May the 2nd allocation be faster than the first?
Maybe because it already knows a memory region that is free? Or because this part of the heap is still assigned to the process? Are there other possible advantages?
Or does it generally make no difference?
Edit: As asked in the comments:
- I am especially interested in gcc and MSVC.
- My assumption was that the memory was not "redeemed" by the OS before.
As there is a lot going about specific details about implementation, I'd like to make it more clear, that this is a hypothetical question. I don't intend to abuse this, but I just want to know IF this may occur and what the reasons for the hypothetical speedup might be.
回答1:
On some common platforms like GCC x86_64, there are two kinds of malloc(): the traditional kind for small allocations, and the mmap kind for large ones. Large, mmap-based allocations will have less interdependence. But traditional small ones will indeed experience a big speedup in some cases when memory has previously been free()'d.
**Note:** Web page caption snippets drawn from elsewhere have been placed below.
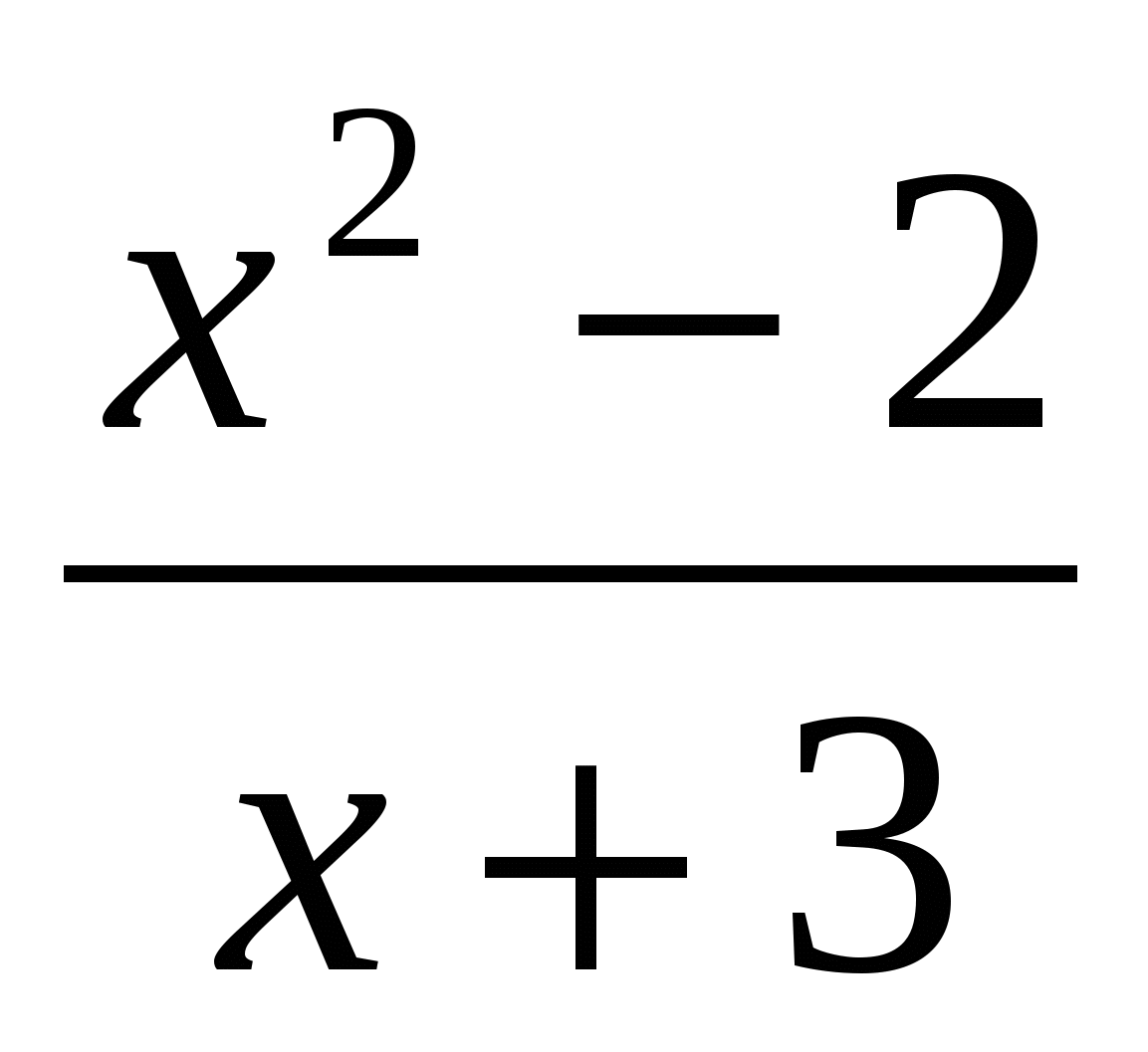 «Алгебраические уравнения» тест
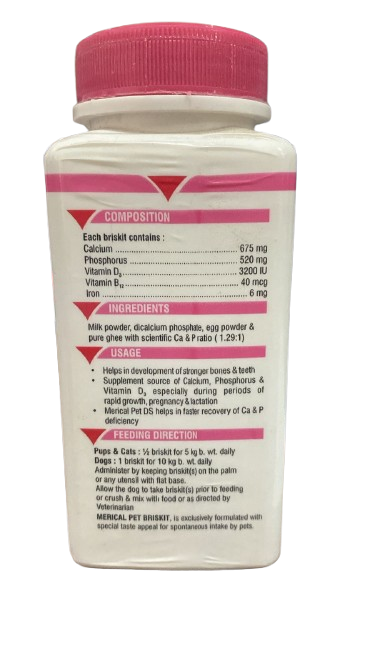 Vetoquinol Merical Pet Briskit DS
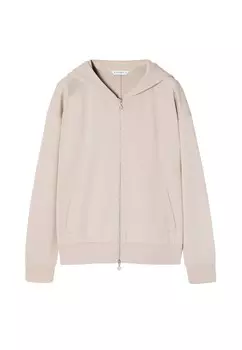 Толстовка на молнии ANUBI TATUUM, бежевый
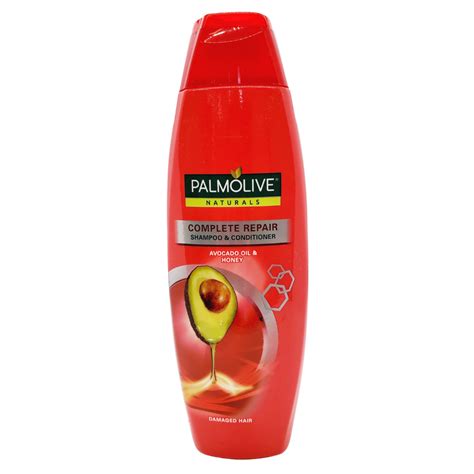 Palmolive Complete Repair Shampoo And Conditioner Red 180 Ml Pinoy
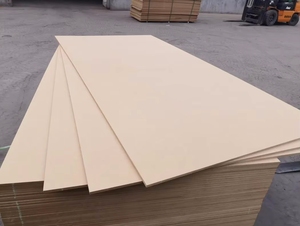 Tablero de Fibra HDF MDF 1220x2440mm, Liso, Revestido de <span class=keywords><strong>Melamina</strong></span>, Fabricado en Fábrica, 12mm 15mm 16mm, Tablero MDF Laminado de 18mm, Fibra de Madera - Product Image 3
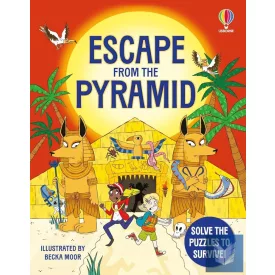 Escape from the Pyramid (Escape Puzzle Books)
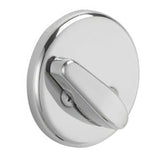 Schlage B80625 bright chrome one sided deadbolt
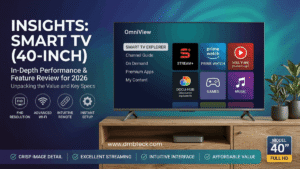 Roku 40-Inch Smart TV 2026 Review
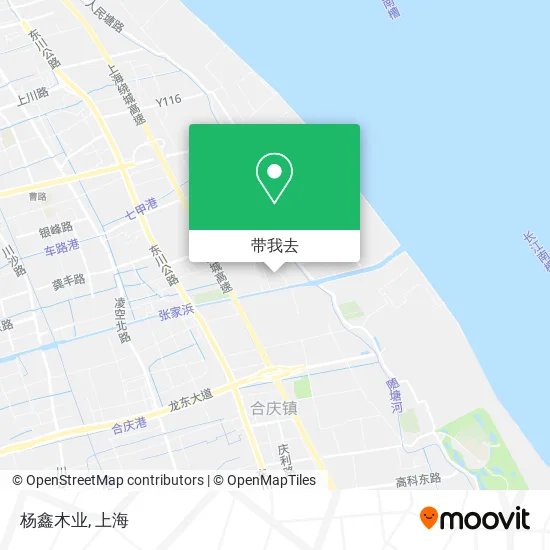 杨鑫木业地图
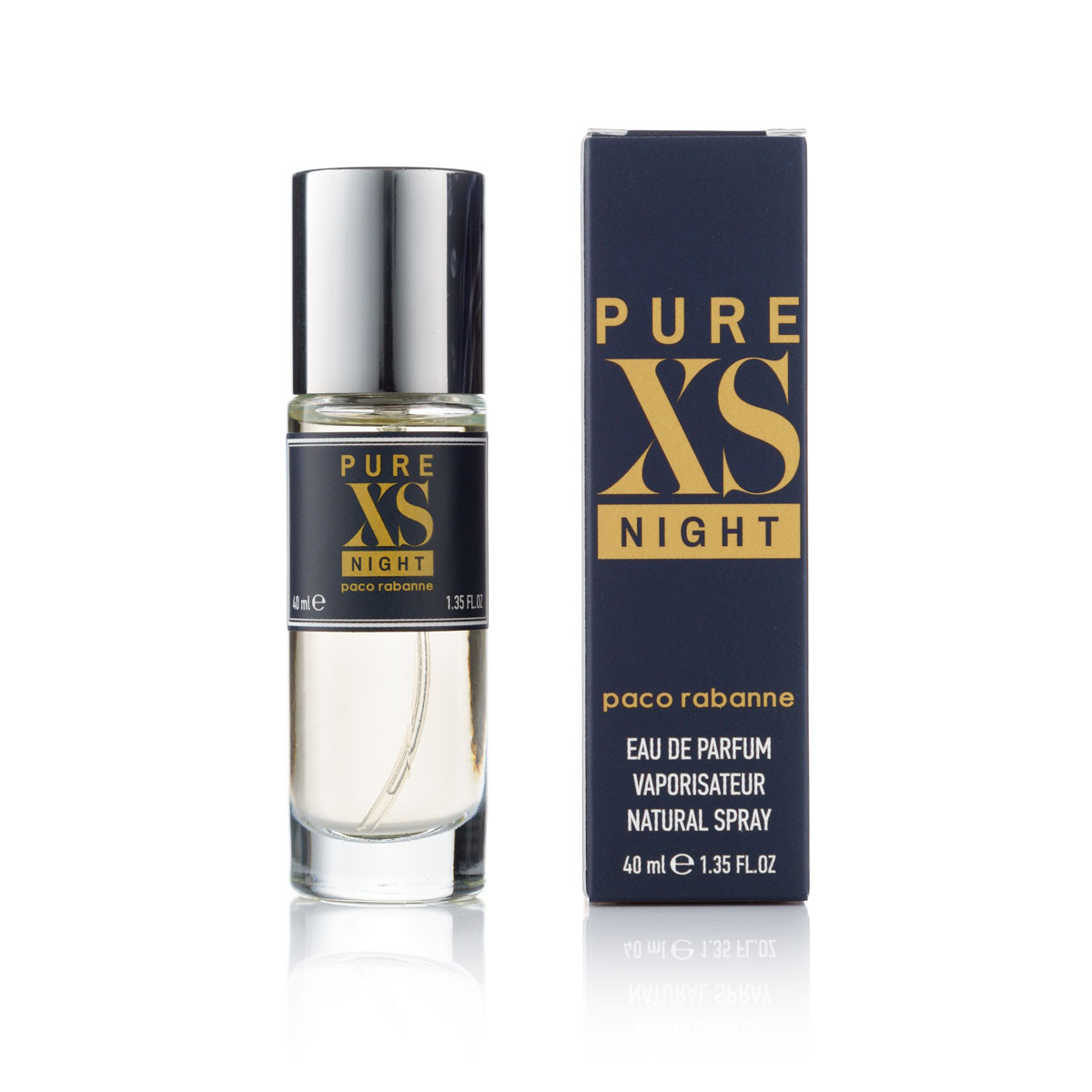 Paco Rabanne Pure XS Night парфумована вода чоловіча 40 мл (320)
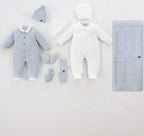 Set 9 Pjesë për Djem të Porsalindur – Blu
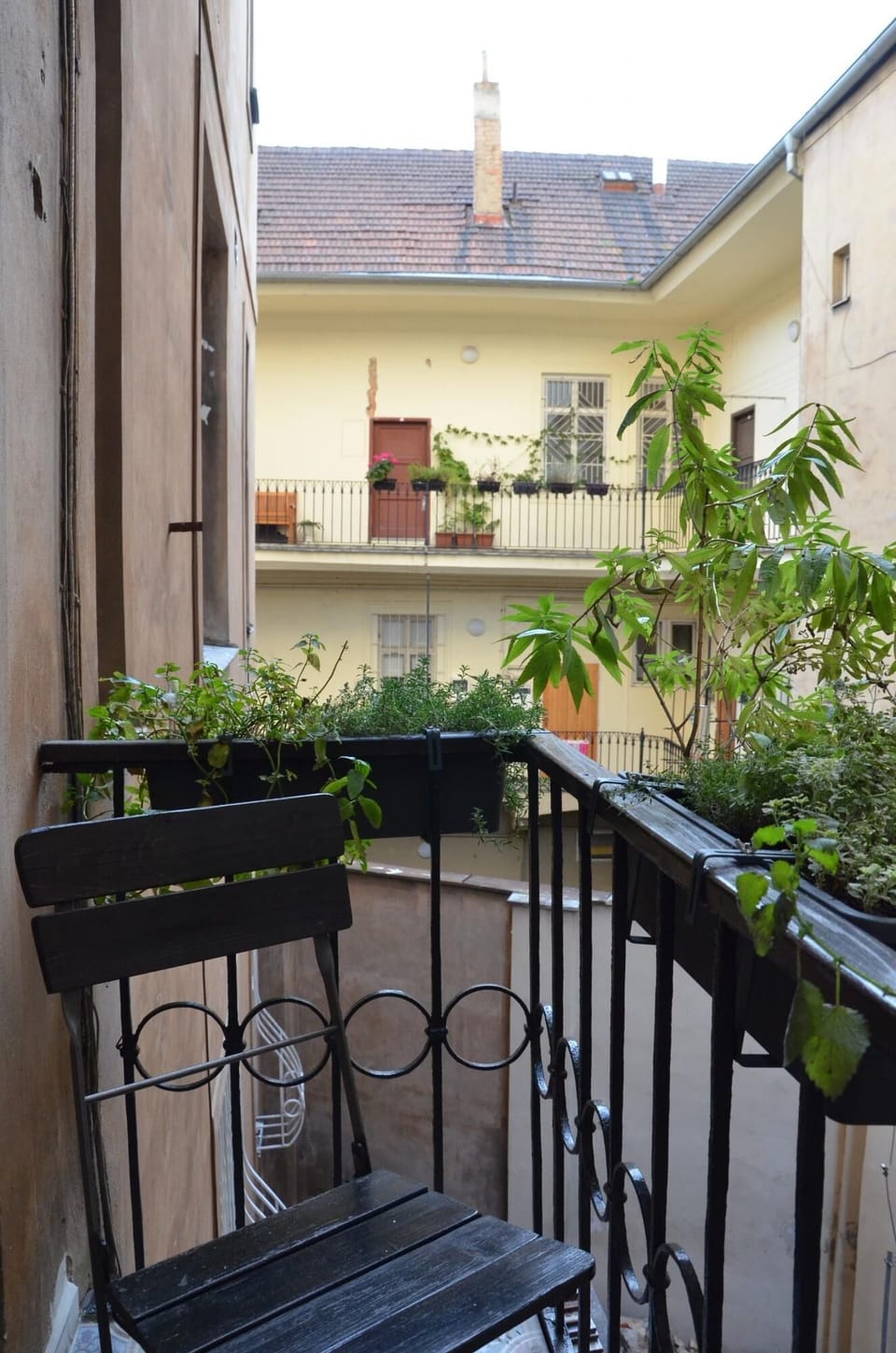 Small balcony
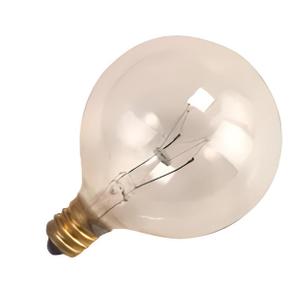 G25 CLEAR 25W INCANDESCENT BULB Box Of 10 Bulbs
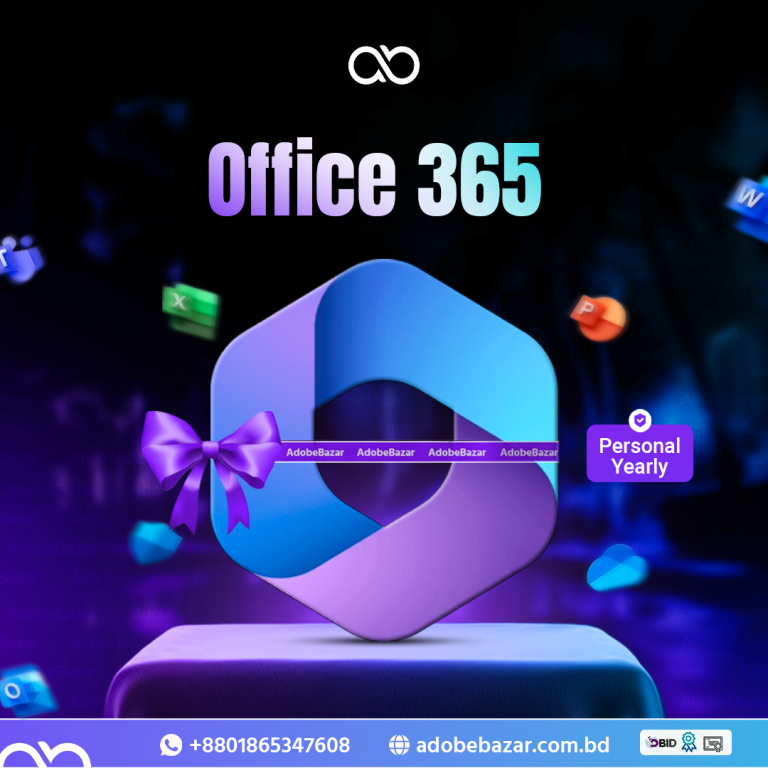 Office 365 Personal Yearly Subscription Price In BD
This is because as you suggest, free() does not instantly return memory to the OS. Indeed it cannot do so in general, because the memory might be in the middle of the heap which is contiguous. So on lots of systems (but not all), malloc() will only be slow when it needs to ask the OS for more heap space.
回答2:
Memory allocation with malloc should be faster whenever you avoid making system calls like sbrk or mmap. You will at least save a context switch.
Make an experiment with the following program
#include <stdlib.h>
int main() {
void* x = malloc(1024*1024);
free(x);
x = malloc(1024*1024);
}
and run it with command strace ./a.out
When you remove call to free you will notice two additional system calls brk.
回答3:
Here's simple banchmark I compiled at -O1:
#include <stdio.h>
#include <stdlib.h>
int main(int argc, char** argv){
for(int i=0;i<10000000;i++){
char volatile * p = malloc(100);
if(!p) { perror(0); exit(1); }
*p='x';
//free((char*)p);
}
return 0;
}
An iteration cost about 60ns with free and about 150ns without on my Linux. Yes, mallocs after free can be significantly faster.
It depends on the allocated sizes. These small sizes will not be returned to the OS. For larger sizes that are powers of two, the glibc malloc starts mmaping and unmmapping and then I'd expect a slowdown in the freeing variant.